MENU

Memory design for autonomous driving systems

Memory design for autonomous driving systems

Feature articles |
By Peter Clarke



Introduction

While most industry watchers believe we are still perhaps over a decade away from fully autonomous vehicles becoming common in European cities, vehicle automation is already a hot spot of design activity.

The automotive industry, its regulators and insurers, unite the various technologies for automating vehicles under the banner of Advanced Driver Assistance Systems (ADAS). They categorise system capabilities into six levels, between level 0 (L0), where the vehicle is being driven by a human with no assistance, and level 5 (L5), full autonomy, where no human attention or intervention is required for the vehicle to drive safely.

ADAS L1 capabilities such as cruise control are considered standard specification for many automotive brands. ADAS L2, partial automation, and the initial L3, conditional automation, systems are on the market.  Audi’s 2018 A8 is one of a few vehicles marketed as having L3 ADAS capabilities; on roads with a central barrier, at speeds below 60Km/h, its ‘Traffic Jam Pilot’ mode can take full control.

The journey to full autonomous driving, ADAS L5 is still under way. In this article, we consider the demands of memory subsystems at the higher ADAS levels, exploring the impact of memory technology choices to identify the current design sweet spot between performance and practicality.

Growing ADAS Memory Bandwidth Demands

Above the most basic ADAS levels, vehicles will require multiple sensors to be integrated to enable the timely and accurate decision making required for safe automated driving.  Typically multiple LiDAR, radar and camera sensors at the front, rear, left, and right of the vehicle will be employed to compose a 360-degree view for situational awareness.

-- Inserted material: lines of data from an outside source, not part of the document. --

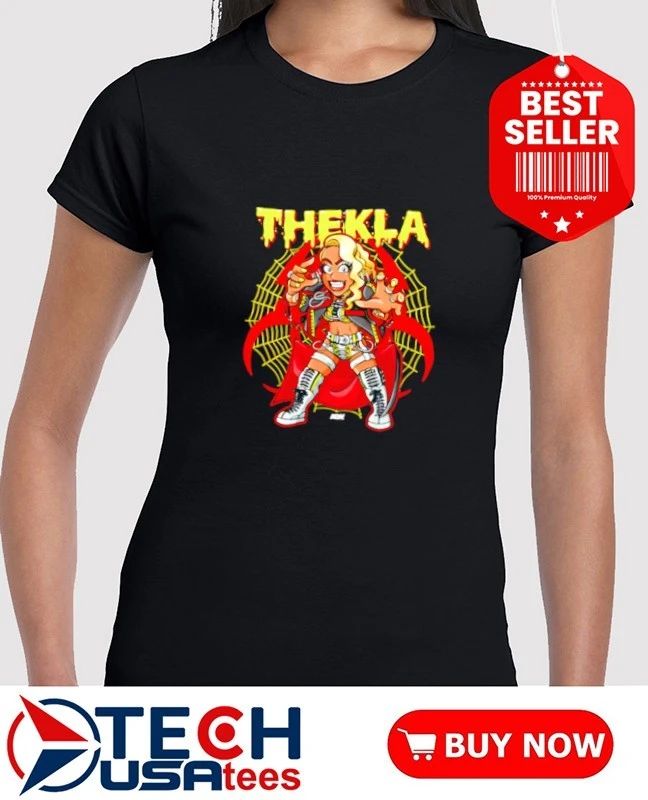 Thekla Web Mistress Kids shirt by shopaew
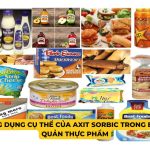 Mua Chất Bảo Quản Axit Sorbic Giá Rẻ Tại Linh Đan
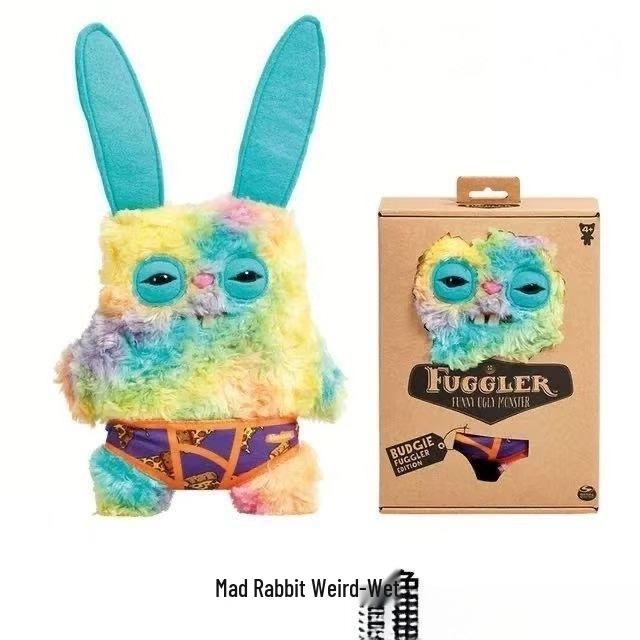 UK Fuggler Zahnendes Monster Plüschtier - Funky Zahn Baby Geschenk
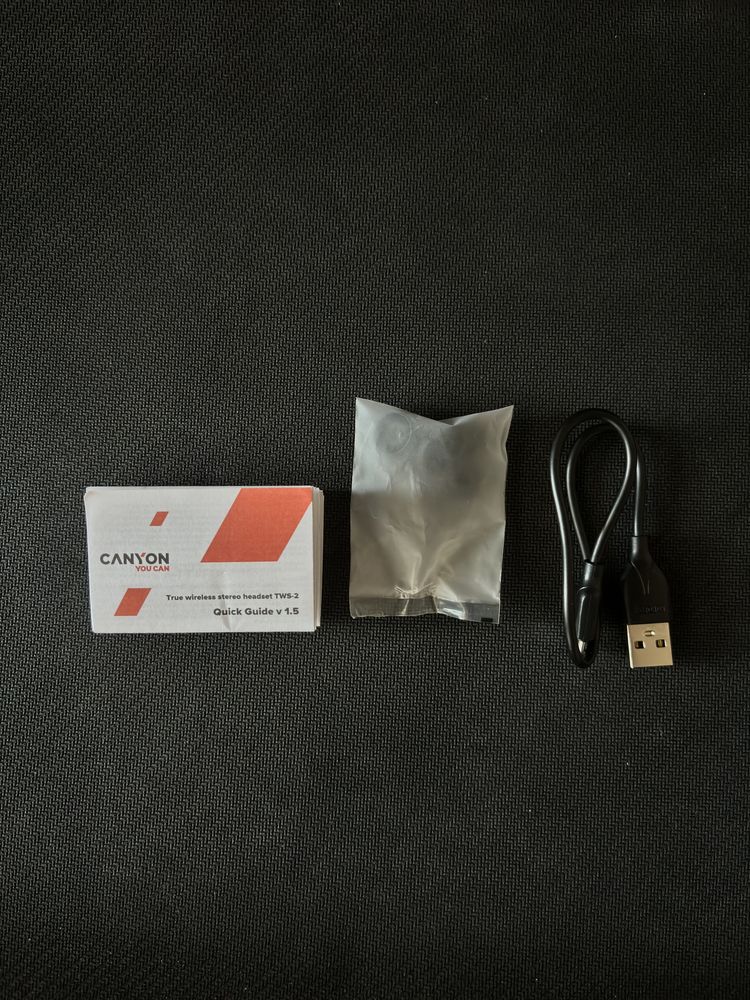 Canyon True Wireless Stereo Headset TWS-2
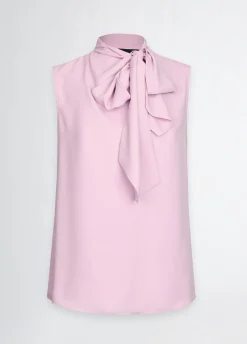 Liu Jo Top avec nœud|Femme Chemises Et Blouses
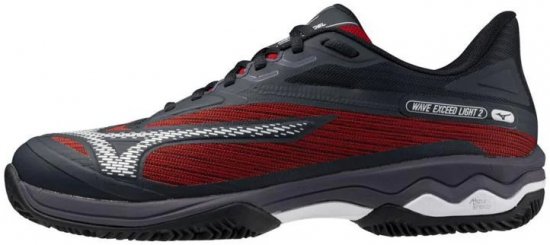 Mizuno 61GB232208 Sneakers Black/Red/White - Herenschoenen 40-52 - 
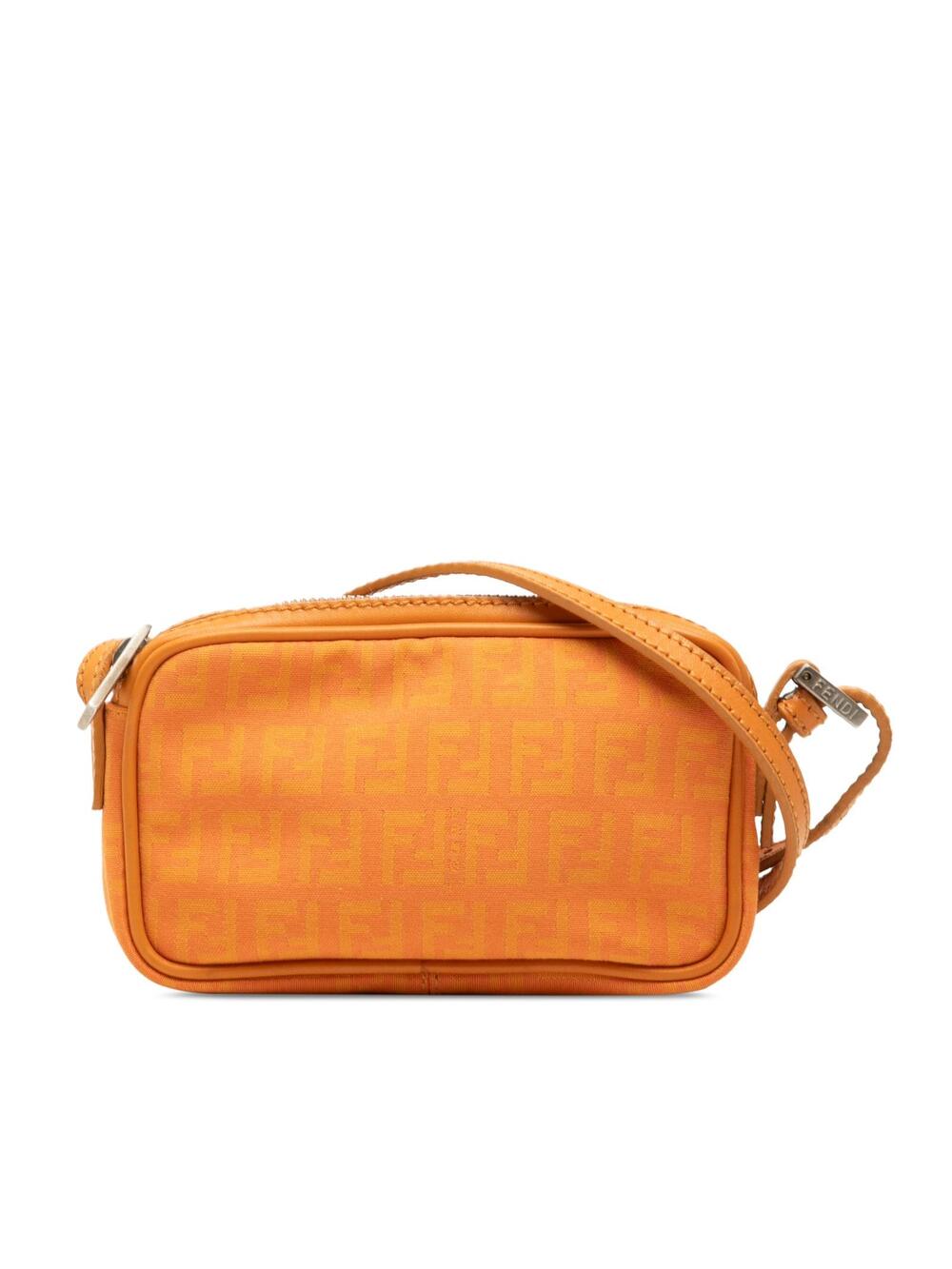 Fendi Mini Zucchino Canvas Zip #344617F32B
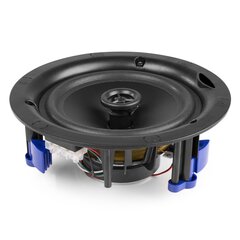 Power Dynamics NCSP8 matalaprofiilinen kattokaiutin 100V 8" valkoinen hinta ja tiedot | Kaiuttimet ja soundbarit | hobbyhall.fi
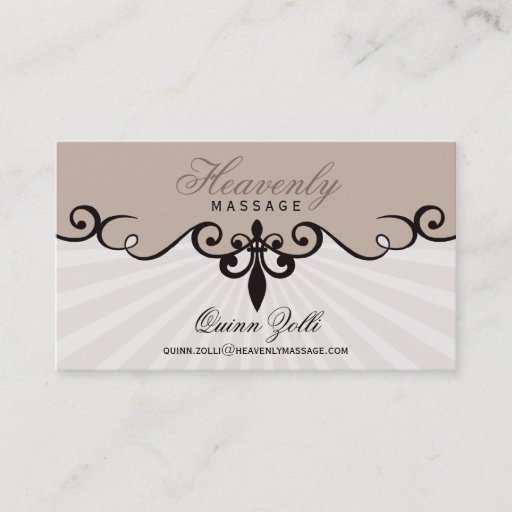 Customizable BUSINESS CARD :: heavenly L1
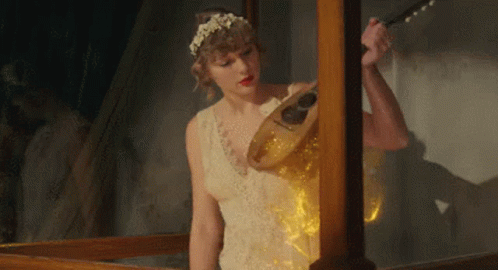 Taylor Swift Willow GIF - Taylor Swift Willow Guitar Playing GIFs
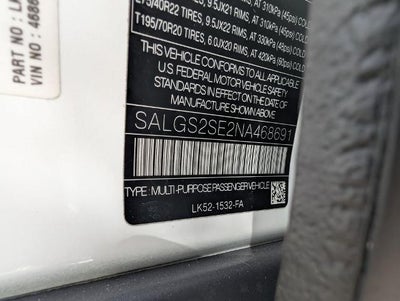 2022 Land Rover Range Rover P525 Westminster SWB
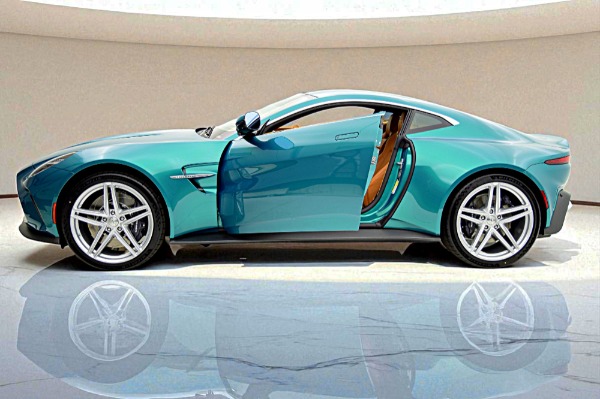 New 2025 Aston Martin Vantage for sale $213,900 at F.C. Kerbeck Aston Martin in Palmyra NJ 08065 4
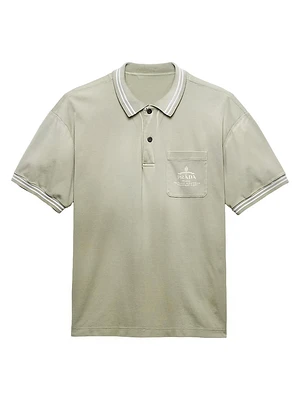 Cotton Polo Shirt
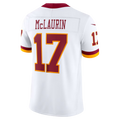 Fenge W.Commanders #17 Terry McLaurin White Vapor F.U.S.E. Stitched Limited Jerseys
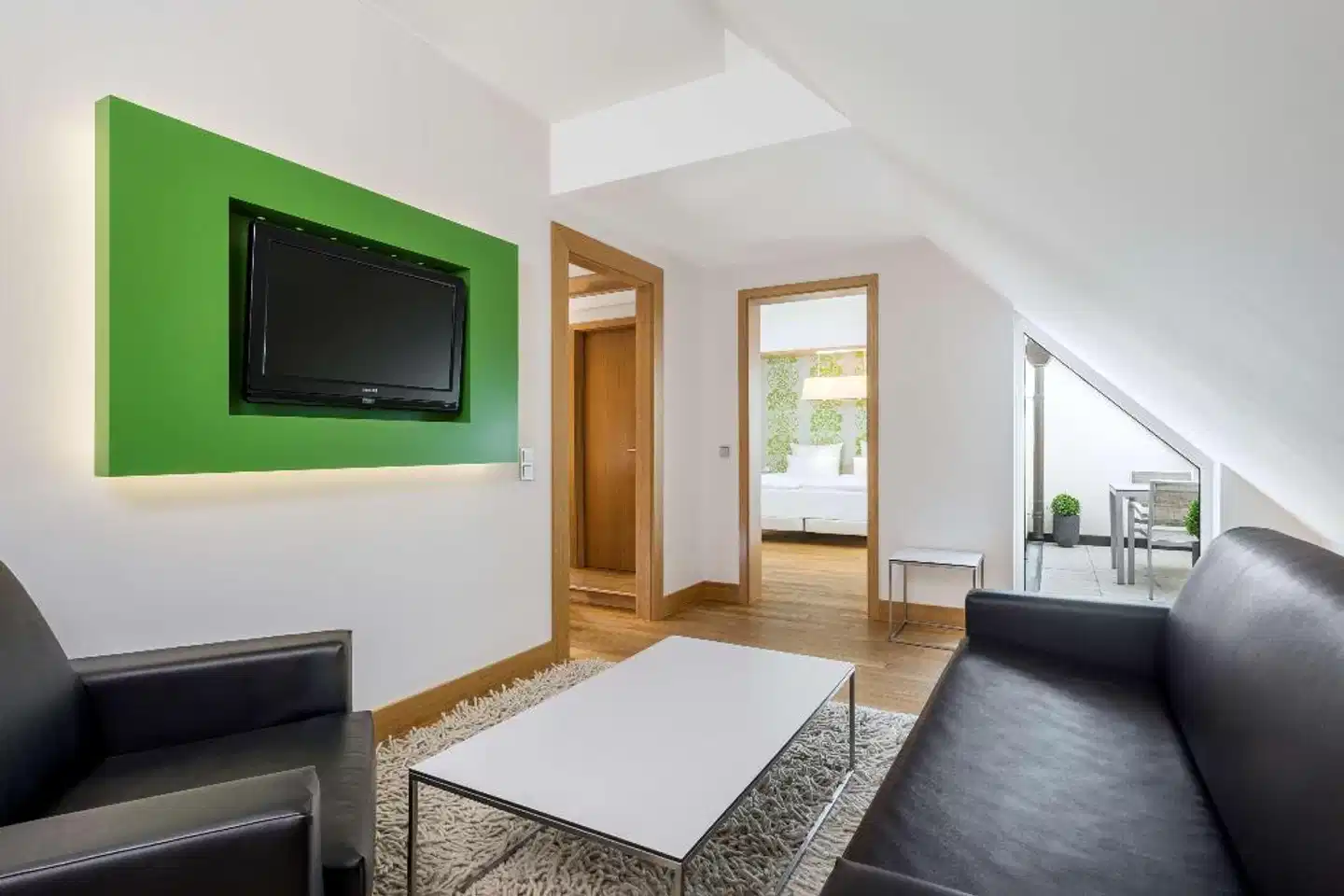 NH Frankfurt Messe Wohnbeispiel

Both wide-angle sensors for short range detection of objects, and longer range sensors with a narrower view are usually required.

Analysis from just three years ago, estimated that a comprehensive sensor suite comprising radar, LiDAR, cameras, ultrasonic, vehicle motion, satellite navigation and an inertial measurement system, would require a total sensor bandwidth of around 40 gigabits per second (Gb/s). 

In the intervening period, LiDAR, radar and camera, resolutions have climbed to match the performance requirements of more demanding ADAS levels and a broader range of operating conditions. Recent radar sensor packages alone are delivering 30 Gb/s, each of these would be only a portion of the data flow generated by the complete sensor suite.

This growing body of collected sensor data feeds the machine learning (ML) training systems of neural networks, to produce increasingly complex inference models for the various aspects of vehicle control. Inference models with the sophistication required to deliver full autonomy, L5, will require significant bandwidth between memory and processing elements to synthesise, analyse and act on the real-time sensor data flooding into the system.

ML training efficiency is limited by how much data can be processed. It can be accelerated by scaling into data centre-based systems to deliver the necessary storage, bandwidth and compute capacity. With the exponential growth in the size and complexity of training models, that training scaling comes with its own set of challenges. The data centre environment however is far different from what ADAS systems will experience in-vehicle.

In-vehicle inference requires compute-intensive, high-bandwidth systems delivered within cost, space and long-term reliability constraints that don’t apply to data centre hosted ML training environments. So while both training and inference are ML processes, each brings its own set unique demands for memory system selection.

In-vehicle delivery of the data throughput needed for real-time inference at full autonomy will require significant optimisation of memory-processor interfacing whether using CPU, GPU or a dedicated AI/ML accelerator platform.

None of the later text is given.